# Rate your dog food - great tool



## Guest (Jul 15, 2010)

This 31-question quiz helps you rate your dog food. I scored an A and I know many of you will, too.

Here's the link. You can pass it along to your friends and family to help them choose a better quality food.

k9cuisine.com - Dog Food Rating Tool - See how your dog food stacks up against other premium brands.

Enjoy!


----------



## harrkim120 (Feb 2, 2010)

Oooooo...thank you. This will be awesome to recommend to my students!!! :biggrin:


----------



## JayJayisme (Aug 2, 2009)

Ha, ha, ha...this is great!

I answered as accurately as possible based on a typical raw meaty bone diet.

My score? 114 out of 100

Grade: A+

Is there any kibble that will score higher than 100?

Fun stuff. :biggrin:


----------



## harrkim120 (Feb 2, 2010)

JayJayisme said:


> Ha, ha, ha...this is great!
> 
> I answered as accurately as possible based on a typical raw meaty bone diet.
> 
> ...


Hahaha...that's pretty funny. :biggrin:


----------



## cprcheetah (Jul 14, 2010)

Oooh, that's a really cool rating system! Thanks for sharing! My food got 118%


----------



## Guest (Jul 15, 2010)

JayJayisme said:


> Ha, ha, ha...this is great!
> 
> I answered as accurately as possible based on a typical raw meaty bone diet.
> 
> ...


Absolutely no need to poke fun at this. Raw feeder, stick to the RAW section, OK? What are you doing over here?

This is for uneducated, ignorant dog owners, this is a good rating tool that will help them see that there are better foods out there than Science Diet.


----------



## harrkim120 (Feb 2, 2010)

LabbieMama said:


> Absolutely no need to poke fun at this. Raw feeder, stick to the RAW section, OK? What are you doing over here?
> 
> This is for uneducated, ignorant dog owners, this is a good rating tool that will help them see that there are better foods out there than Science Diet.

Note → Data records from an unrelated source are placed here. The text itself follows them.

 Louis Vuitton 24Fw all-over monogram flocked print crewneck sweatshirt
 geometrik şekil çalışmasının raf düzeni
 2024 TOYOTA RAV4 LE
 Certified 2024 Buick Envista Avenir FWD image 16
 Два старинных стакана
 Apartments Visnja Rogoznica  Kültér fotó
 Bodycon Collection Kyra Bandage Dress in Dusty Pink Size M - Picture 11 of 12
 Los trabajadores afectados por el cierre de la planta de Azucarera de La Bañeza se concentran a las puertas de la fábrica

Let's all take a breather now....

How do you know she wasn't serious? I'm kind of curious to see myself if there is a kibble that will score over 100%. I think it's a fair question, and not a jab.


----------



## baggie (Jun 2, 2010)

I did Acana Wild Prairie and came up with an A+ and over 100.


----------



## DaneMama (Jun 27, 2008)

LabbieMama said:


> Absolutely no need to poke fun at this. Raw feeder, stick to the RAW section, OK? What are you doing over here?
> 
> This is for uneducated, ignorant dog owners, this is a good rating tool that will help them see that there are better foods out there than Science Diet.

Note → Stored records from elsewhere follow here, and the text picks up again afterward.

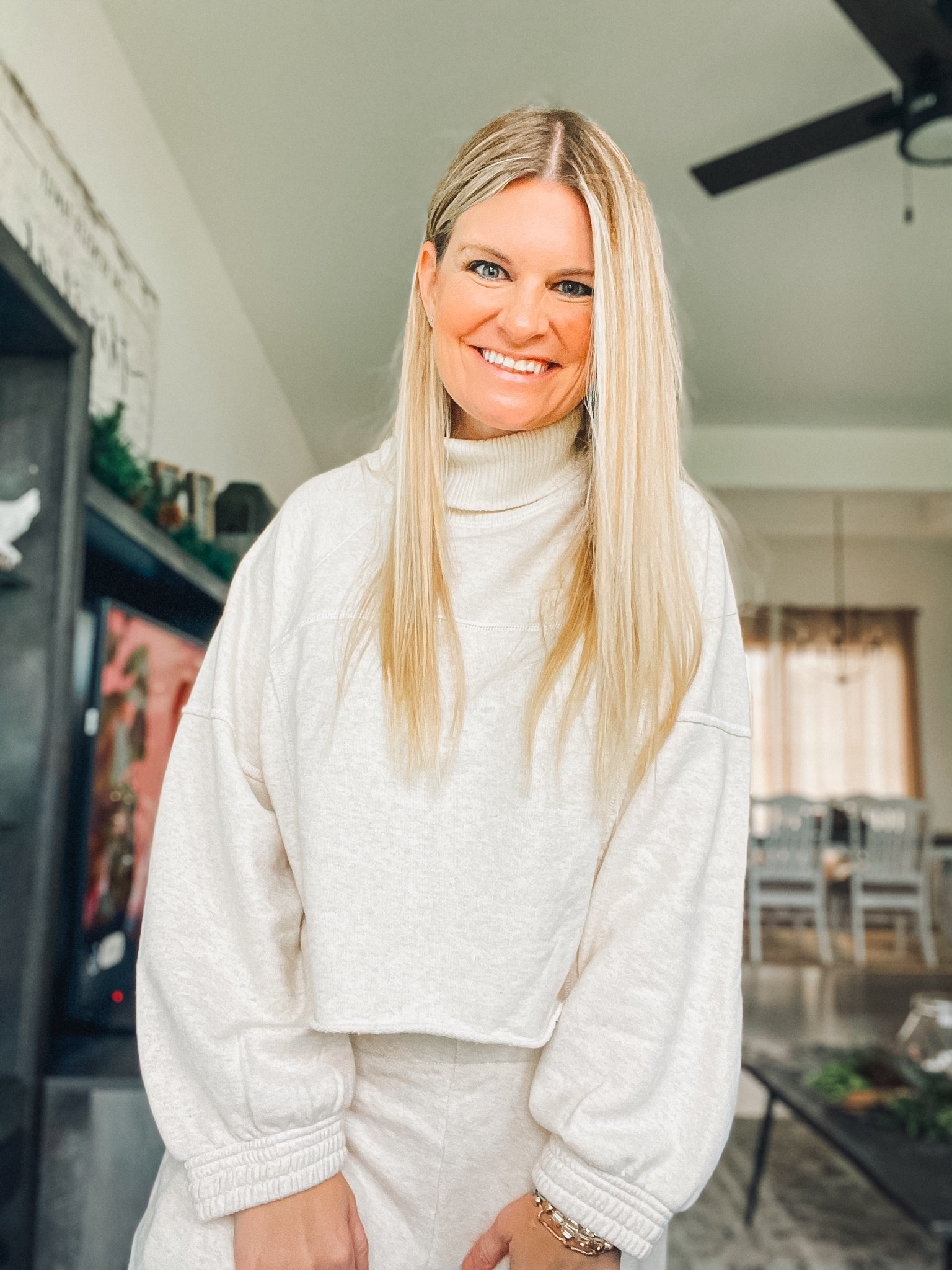 Your Mom called 📞 and she said you need this set! Oh, and it's half off!!!! 

Winter Outfit 
Cozy Out 
Momfit 
OOTD 

The best tip! If you click follow and subscribe you'll get alerts when things that you heart drop in price and restock + when I share faves 😱❤️👏🏼👏🏼🔥💯  See you soon!!! https://www.shopltk.com/explore/thecattlerancherswifeshops 

#LTKSaleAlert #LTKMidsize #LTKStyleTip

Just because Jay feeds raw doesn't mean he can't participate. Raw feeders are more than welcome to post in the kibble section but as long as they are aware it's not ok to push raw on anyone. He is clearly not pushing raw nor being disrespectful in the slightest bit. He was just participating from the looks of it. 

You are correct, it's a great tool for the uneducated dog owner. This test has been posted many times here. I did at one point. You see, being a raw feeder doesn't make us worthy of being lumped into a group where it is assumed we think kibble feeders are dumb or lazy. Quite the opposite, I respect kibble feeders that make smart choices and research what their dogs eat. 

Carry on :frown:


----------



## ruckusluvr (Oct 28, 2009)

TOTW wetlands gets a 112


----------



## RawFedDogs (Jun 16, 2008)

LabbieMama said:


> Absolutely no need to poke fun at this. Raw feeder, stick to the RAW section, OK? What are you doing over here?


It's my job to tell people where they can and cannot post. Leave that task to me. I can handle it just fine.



> This is for uneducated, ignorant dog owners, this is a good rating tool that will help them see that there are better foods out there than Science Diet.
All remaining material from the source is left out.